Il remix sta qui nel sostituire ai differenti clan patologici del romanzo le diverse tipologie di raver: l’house, il goa-trance, il junglist, il gabber e così via.
I sette clan si riuniscono per affrontare una nuova minaccia: l’arrivo di un nuovo sound che rischia di frantumare queste rigide divisioni in generi, per aprire il vaso di pandora del caos e della promiscuità: il breakcore!
Questa idea del breakcore come inter-genere, o de-genere, viene più volte ripresa e sviluppata, facendo di questo libro probabilmente il più adatto per comprenderne approfonditamente le ragioni.
Nel libro viene tratteggiato in maniera umoristica il rapporto con il “clan” di provenienza, ovvero il clan dei gabber (con il quale condivide la passione per l’hard sound, ma che proprio non tollera la cassa in quattro quarti, giudicata simbolo di conformismo e alienazione).

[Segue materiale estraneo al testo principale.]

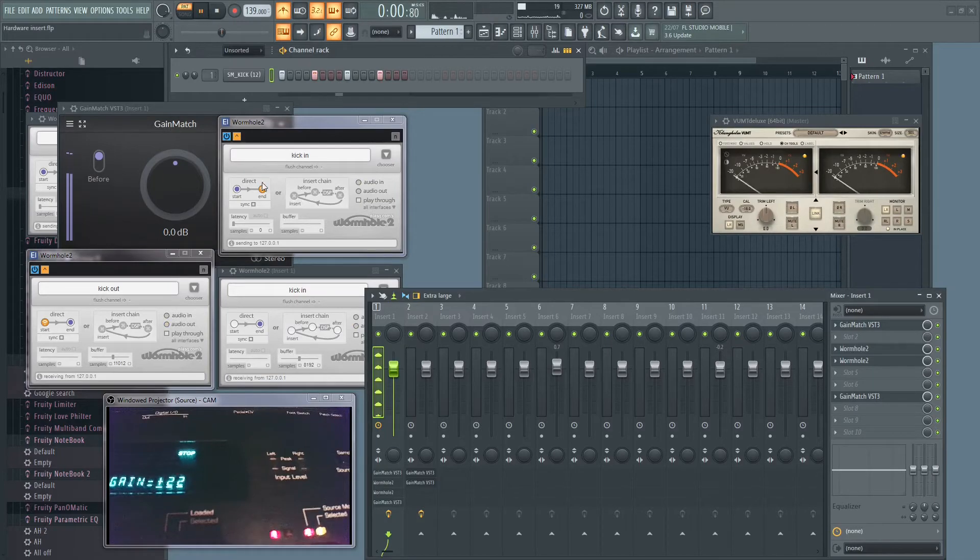Now I'll show you the second method for doing this, which doesn't require Element — though Element is a great tool to have in your arsenal. For this second method we use the sound card directly. You won't hear audio in this recording because the sound won't be sent to OBS, but you will see the activity on the ASR-10 and on the Wormhole instance that receives the return from the ASR.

Ciò che il fanatico di breakcore non tollera in fondo è la ballabilità della cassa; quando un genere musicale diviene troppo coinvolgente, e si appoggia su dei tropi che sono troppo accettati dalla massa, egli sente, adornianamente, un campanello d’allarme; pretende perciò che gli ascoltatori si contorcano nel tentativo di ballare ritmi sempre più improbabili, per scongiurare l’avanzata della mercificazione.
In fondo il breakcore cerca di mantenere vivo lo spirito rave delle origini, un tempo in cui, come scrive giustamente Simon Reynolds: “la musica techno era fatta da avanguardie popolari più che da una élite formalizzata, come è al giorno d’oggi”.
Infatti esistono tutte le coordinate del rave delle origini: predilezione per il campionamento selvaggio, sperimentalità, sense of humor.
Insomma, se siete dei fanatici di breakcore e sound estremi, o semplicemente dei curiosi che vogliono aggiungere un tassello letterario finora mancante nella conoscenza della sterminata diaspora rave, non vi resta che comprarlo.